_Action item:_ For this task, output every entry below exactly and omit the pictures.

_Working data:_
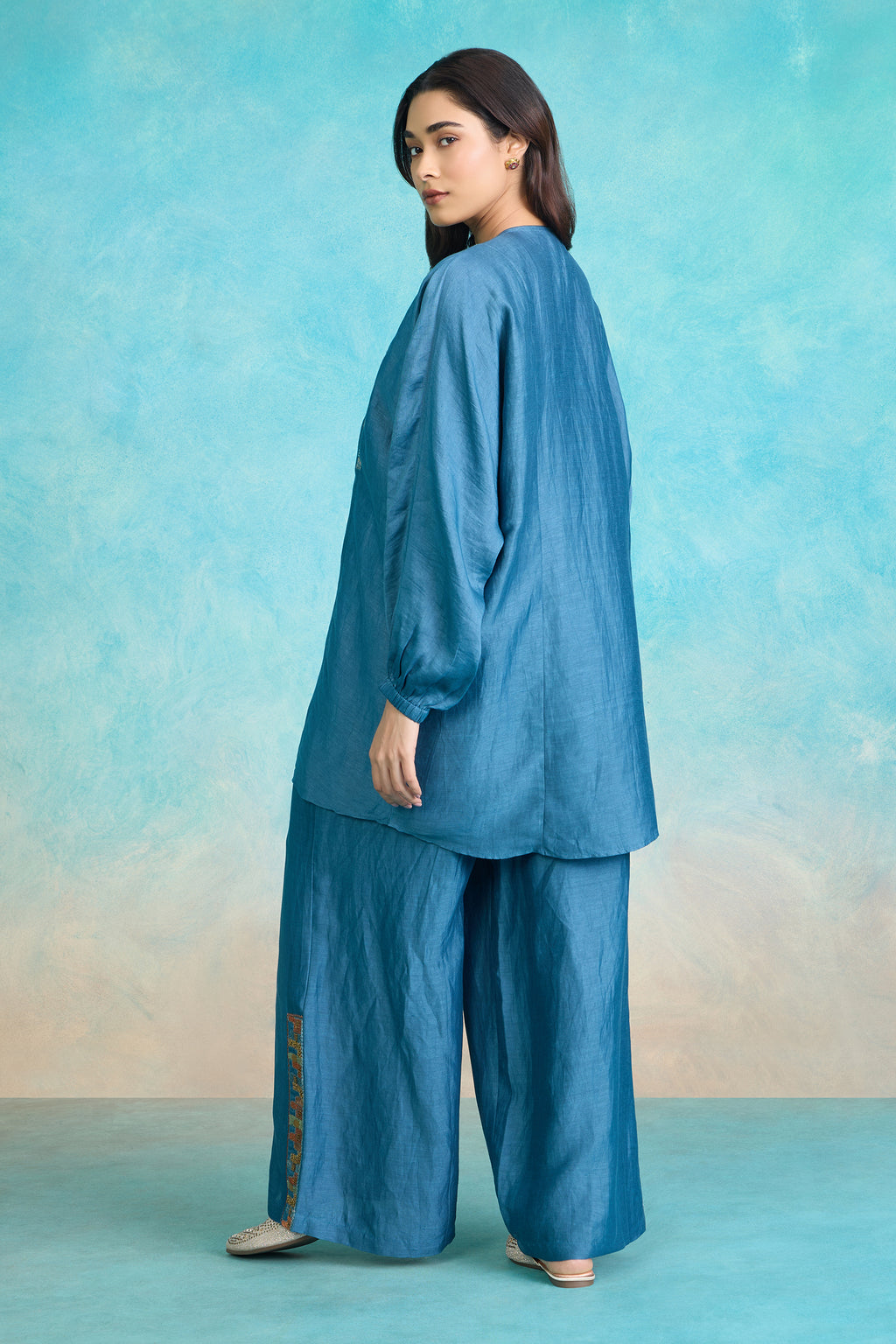 The 'Firoza' Azure Kurta-Pant Set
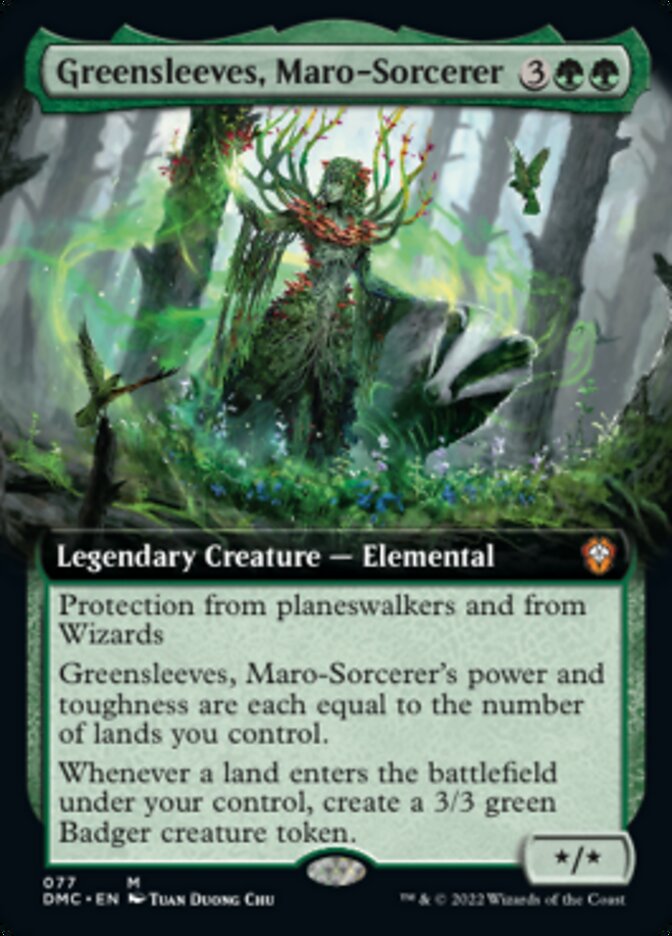 Greensleeves, Maro-Sorcerer (Extended Art) [Dominaria United Commander] | Clutch Gaming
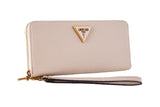 NNEKG Guess Downtown Chic Slg Large Zip Around Wallet (Mushroom)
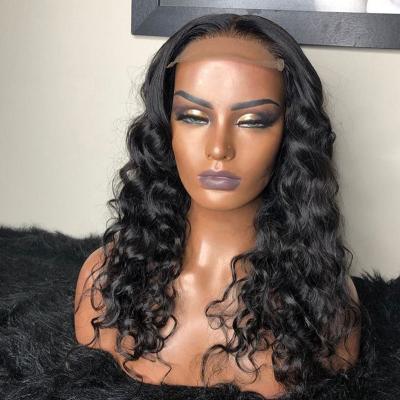 China Jerry Curl 360 Full Lace Pre Plucked 13x6 Lace Wigs Transparent Lace Hair Wigs For Black Women Short Dangle Hair Wigs for sale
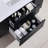 Royka 47.25 " W Wall Mounted Wall Mounted 1 Single Vanity Bathroom Vanity With Acrylic Top-21376044
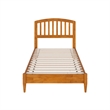 Quincy Twin Wood Low Profile Platform Bed in Light Toffee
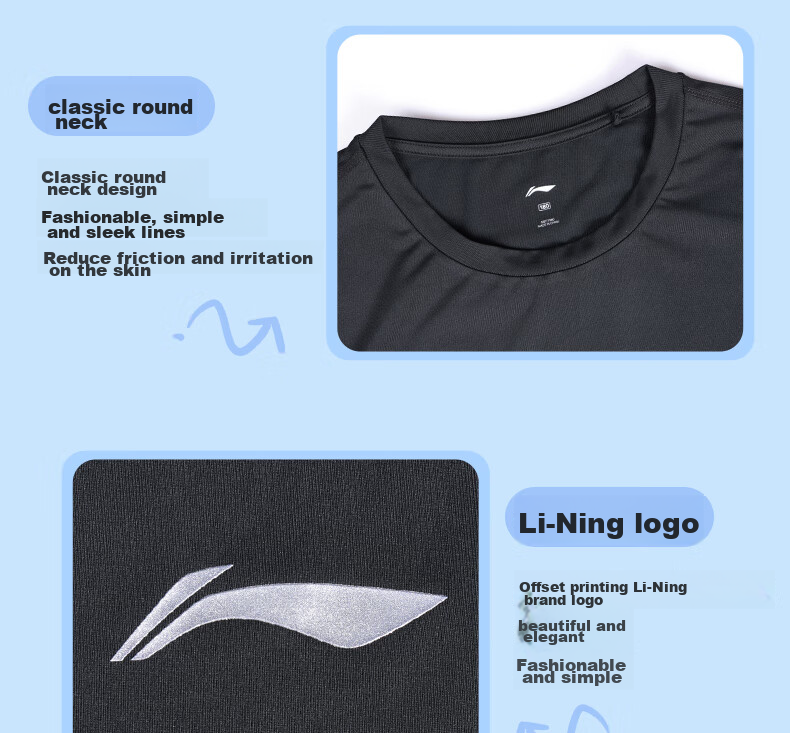 Li-Ning Children's Compression Training Suit, Quick-Dry, for Ages 6-12, Autumn And Winter Sports Set, Breathable Basketball Base Layer, Football, Badminton Uniform 24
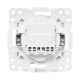 Стокгольм Механизм Розетки 1-местной с/з 16А в/к белый с защ. штор. EKF PROxima  EYR16-028-20  EKF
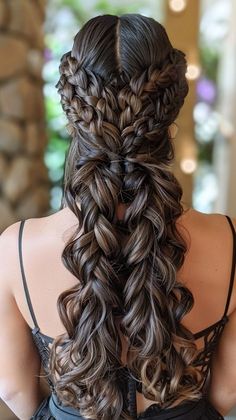 Fairy Hair Wedding, Complex Braids, Hairstyle Girls, Hairstyle Braids, Hair Mistakes, Braided Hairstyle, Goddess Hairstyles, Braids With Curls, Penteado Cabelo Curto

_Response:_
 The 'Firoza' Azure Kurta-Pant Set
 Greensleeves, Maro-Sorcerer (Extended Art) [Dominaria United Commander] | Clutch Gaming
 NNEKG Guess Downtown Chic Slg Large Zip Around Wallet (Mushroom)
 China Jerry Curl 360 Full Lace Pre Plucked 13x6 Lace Wigs Transparent Lace Hair Wigs For Black Women Short Dangle Hair Wigs for sale
 Royka 47.25 " W Wall Mounted Wall Mounted 1 Single Vanity Bathroom Vanity With Acrylic Top-21376044
 Quincy Twin Wood Low Profile Platform Bed in Light Toffee
 Li-Ning Children's Compression Training Suit, Quick-Dry, for Ages 6-12, Autumn And Winter Sports Set, Breathable Basketball Base Layer, Football, Badminton Uniform 24
 Стокгольм Механизм Розетки 1-местной с/з 16А в/к белый с защ. штор. EKF PROxima  EYR16-028-20  EKF
 Fairy Hair Wedding, Complex Braids, Hairstyle Girls, Hairstyle Braids, Hair Mistakes, Braided Hairstyle, Goddess Hairstyles, Braids With Curls, Penteado Cabelo Curto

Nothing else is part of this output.